Tyson Fury opens up on ‘downward spiral’ after beating Wladimir Klitschko

By Jamie Braidwood
Getty Images

Tyson Fury has said he “didn’t want to live anymore” after beating Wladimir Klitschko to become world heavyweight champion in 2015.

Fury has been open about his battles with mental health in the time that followed his shock victory over the Ukrainian and said that he was in a “downward spiral”.

The ‘Gypsy King’ also struggled with alcohol abuse and ballooned to 28 stone during his two-and-a-half year spell out of the ring.

He returned to boxing in 2018 and got up off the canvas to secure a sensational draw against WBC champion Deontay Wilder, just months after making his comeback to the sport.

Fury then defeated Wilder in February 2020 to reclaim the heavyweight crown. He has not fought since but is set to take on Wilder for a third time in Las Vegas on 9 October.

In an interview with Gary Neville on his Overlap show, Fury, 33, said he is now in a better place to deal with his victories after admitting that his victory over Klitschko and becoming world champion left him with the sense of having little else to accomplish.

“Before it was like I had conquered the world and there was nothing else that I wanted to do,” Fury said.

“My dream when I was a kid was to beat Klitschko. When I was only young, Klitschko was a world champion, so I was always looking at him and when I’d completed it, it was game over for me.

“I didn’t want to continue, plus I was mentally unstable. Going into that fight, I was very depressed and down and anxious. I always had that goal of beating Klitschko that kept me on the straight and narrow path, but after that goal was taken away from me, I had nothing else that I could focus on to give me that drive.

“It was like a total downward spiral and I didn’t want to live anymore. I was happy to die at 27. I was happy to finish, that was it. Nothing or nobody could bring me back.

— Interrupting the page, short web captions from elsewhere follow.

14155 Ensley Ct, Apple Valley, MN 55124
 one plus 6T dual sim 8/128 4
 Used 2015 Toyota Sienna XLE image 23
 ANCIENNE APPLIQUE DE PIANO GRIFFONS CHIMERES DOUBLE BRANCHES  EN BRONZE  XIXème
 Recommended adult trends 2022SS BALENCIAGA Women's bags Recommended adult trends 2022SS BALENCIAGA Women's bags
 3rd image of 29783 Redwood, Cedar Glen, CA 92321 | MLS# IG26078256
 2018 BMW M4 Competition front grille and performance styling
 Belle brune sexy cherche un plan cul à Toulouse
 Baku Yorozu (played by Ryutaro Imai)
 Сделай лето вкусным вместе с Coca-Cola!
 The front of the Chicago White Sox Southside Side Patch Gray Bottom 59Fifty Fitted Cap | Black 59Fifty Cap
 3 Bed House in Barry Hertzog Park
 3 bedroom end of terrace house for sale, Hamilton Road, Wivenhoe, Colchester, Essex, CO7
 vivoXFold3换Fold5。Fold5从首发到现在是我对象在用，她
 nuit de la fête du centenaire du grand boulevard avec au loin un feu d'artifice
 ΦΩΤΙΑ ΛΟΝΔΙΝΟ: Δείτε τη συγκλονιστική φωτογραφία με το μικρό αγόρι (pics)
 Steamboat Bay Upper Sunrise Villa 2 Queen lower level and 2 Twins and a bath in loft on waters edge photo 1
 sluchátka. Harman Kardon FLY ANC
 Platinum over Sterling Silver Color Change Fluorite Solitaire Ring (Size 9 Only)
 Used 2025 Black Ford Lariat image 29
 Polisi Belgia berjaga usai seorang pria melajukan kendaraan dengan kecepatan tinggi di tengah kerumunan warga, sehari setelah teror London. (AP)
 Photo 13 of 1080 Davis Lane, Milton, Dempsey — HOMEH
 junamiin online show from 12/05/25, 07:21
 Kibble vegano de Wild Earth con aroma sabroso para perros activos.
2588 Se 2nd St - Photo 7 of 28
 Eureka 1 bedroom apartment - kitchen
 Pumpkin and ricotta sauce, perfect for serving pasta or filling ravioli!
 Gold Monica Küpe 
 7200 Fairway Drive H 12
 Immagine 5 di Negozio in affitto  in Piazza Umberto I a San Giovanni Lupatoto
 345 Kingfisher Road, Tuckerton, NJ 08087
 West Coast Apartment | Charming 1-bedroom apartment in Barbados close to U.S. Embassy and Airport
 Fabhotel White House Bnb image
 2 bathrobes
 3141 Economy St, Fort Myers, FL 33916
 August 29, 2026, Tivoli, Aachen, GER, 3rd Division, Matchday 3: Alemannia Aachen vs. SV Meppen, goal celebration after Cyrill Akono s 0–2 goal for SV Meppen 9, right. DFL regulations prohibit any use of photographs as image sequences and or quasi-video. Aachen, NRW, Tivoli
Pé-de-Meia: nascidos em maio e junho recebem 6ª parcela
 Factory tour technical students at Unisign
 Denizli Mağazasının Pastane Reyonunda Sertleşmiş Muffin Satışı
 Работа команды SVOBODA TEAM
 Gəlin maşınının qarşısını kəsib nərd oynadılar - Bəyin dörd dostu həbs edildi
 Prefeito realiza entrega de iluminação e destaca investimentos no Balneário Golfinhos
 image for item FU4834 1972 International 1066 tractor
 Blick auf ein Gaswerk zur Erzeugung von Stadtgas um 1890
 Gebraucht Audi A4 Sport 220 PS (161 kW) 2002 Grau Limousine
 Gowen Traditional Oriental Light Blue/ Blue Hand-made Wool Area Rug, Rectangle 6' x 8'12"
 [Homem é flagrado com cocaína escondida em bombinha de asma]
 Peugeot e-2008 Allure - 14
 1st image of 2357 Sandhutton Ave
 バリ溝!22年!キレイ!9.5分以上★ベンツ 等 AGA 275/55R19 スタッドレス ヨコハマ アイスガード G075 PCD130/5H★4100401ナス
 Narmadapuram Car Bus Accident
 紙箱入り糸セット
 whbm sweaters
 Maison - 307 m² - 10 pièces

“Not my wife and kids. I didn’t care. Every day I woke up, I just wanted to die. It was a crazy way to be but only people who have been through depression and all that sort of stuff will understand what I’m saying.

“I never thought I would return to boxing. It wasn’t a good time in my life. It was a dark, lonely place that I don’t want to go back to.”

Fury remains adamant that his next fight will be the long-awaited unification bout against British rival Anthony Joshua, who faces Oleksandr Usyk on 25 September.

A deal for the fight looked close to being agreed earlier this year before Fury was ordered to face Wilder for a third time.

Fury also told Neville: "I have never been optimistic about this fight happening. Even when the deal was done, I was never optimistic it and guess what? It never happened.

“I do think, sooner or later, it has to happen. Even if we go AWOL, throw all the belts in the bin, to fight each other? I would do that, if that makes sense. But I’m not sure he would be willing to do that.”